ModSecurity
Discover how having ModSecurity enabled in your website hosting account will help silently with your web site security.
ModSecurity is a plugin for Apache web servers that acts as a web app layer firewall. It is used to prevent attacks towards script-driven Internet sites by employing security rules that contain particular expressions. In this way, the firewall can block hacking and spamming attempts and preserve even Internet sites that are not updated often. As an example, several unsuccessful login attempts to a script administrator area or attempts to execute a specific file with the objective to get access to the script shall trigger particular rules, so ModSecurity shall block out these activities the minute it identifies them. The firewall is incredibly efficient because it screens the whole HTTP traffic to a site in real time without slowing it down, so it will be able to prevent an attack before any harm is done. It furthermore keeps an incredibly thorough log of all attack attempts that includes more information than traditional Apache logs, so you can later check out the data and take further measures to increase the security of your Internet sites if necessary.
-
ModSecurity in Cloud Hosting
We provide ModSecurity with all
cloud hosting packages, so your web apps will be resistant to malicious attacks. The firewall is activated as standard for all domains and subdomains, but in case you would like, you'll be able to stop it via the respective part of your Hepsia Control Panel. You'll be able to also switch on a detection mode, so ModSecurity will keep a log as intended, but won't take any action. The logs that you'll find in Hepsia are incredibly detailed and offer information about the nature of any attack, when it transpired and from what IP address, the firewall rule which was triggered, and so forth. We use a range of commercial rules that are frequently updated, but sometimes our administrators add custom rules as well so as to efficiently protect the websites hosted on our servers.
-
ModSecurity in Semi-dedicated Servers
All
semi-dedicated server plans which we offer come with ModSecurity and given that the firewall is turned on by default, any site that you create under a domain or a subdomain shall be protected straight away. A separate section within the Hepsia CP which comes with the semi-dedicated accounts is devoted to ModSecurity and it shall allow you to stop and start the firewall for any Internet site or activate a detection mode. With the latter, ModSecurity won't take any action, but it shall still detect possible attacks and will keep all data in a log as if it were fully active. The logs could be found inside the exact same section of the Control Panel and they include information about the IP where an attack originated from, what its nature was, what rule ModSecurity applies to identify and stop it, etc. The security rules we employ on our servers are a mix between commercial ones from a security business and custom ones created by our system admins. As a result, we provide higher security for your web applications as we can protect them from attacks even before security companies release updates for brand new threats.
-
ModSecurity in VPS Servers
All
VPS servers which are provided with the Hepsia Control Panel include ModSecurity.
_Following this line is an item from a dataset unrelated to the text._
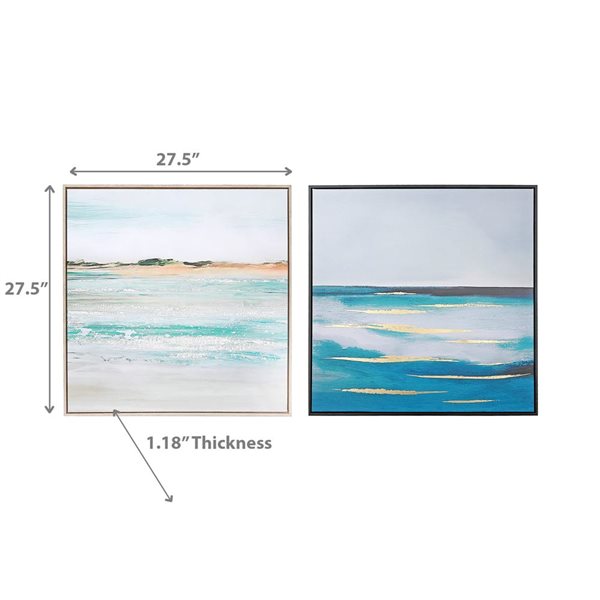 iH casadécor Framed Canvas Wall Art Ocean - Set of 2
The firewall is set up and switched on by default for all domains that are hosted on the web server, so there will not be anything special that you will have to do to protect your websites. It shall take you a mouse click to stop ModSecurity if needed or to turn on its passive mode so that it records what occurs without taking any measures to prevent intrusions. You'll be able to view the logs created in active or passive mode through the corresponding section of Hepsia and discover more about the form of the attack, where it originated from, what rule the firewall employed to deal with it, etcetera. We use a mix of commercial and custom rules so as to make certain that ModSecurity will block as many threats as possible, thus boosting the protection of your web apps as much as possible.
-
ModSecurity in Dedicated Servers
When you opt to host your websites on a
dedicated server with the Hepsia CP, your web apps will be protected immediately as ModSecurity is provided with all Hepsia-based plans. You will be able to control the firewall without difficulty and if required, you'll be able to turn it off or switch on its passive mode when it will only keep a log of what's going on without taking any action to prevent possible attacks. The logs that you'll find in the exact same section of the Control Panel are quite detailed and contain details about the attacker IP, what website and file were attacked and in what ways, what rule the firewall employed to prevent the intrusion, and so on. This data will permit you to take measures and improve the protection of your sites even more. To be on the safe side, we employ not only commercial rules, but also custom-made ones that our admins include when they detect attacks that have not yet been included inside the commercial pack.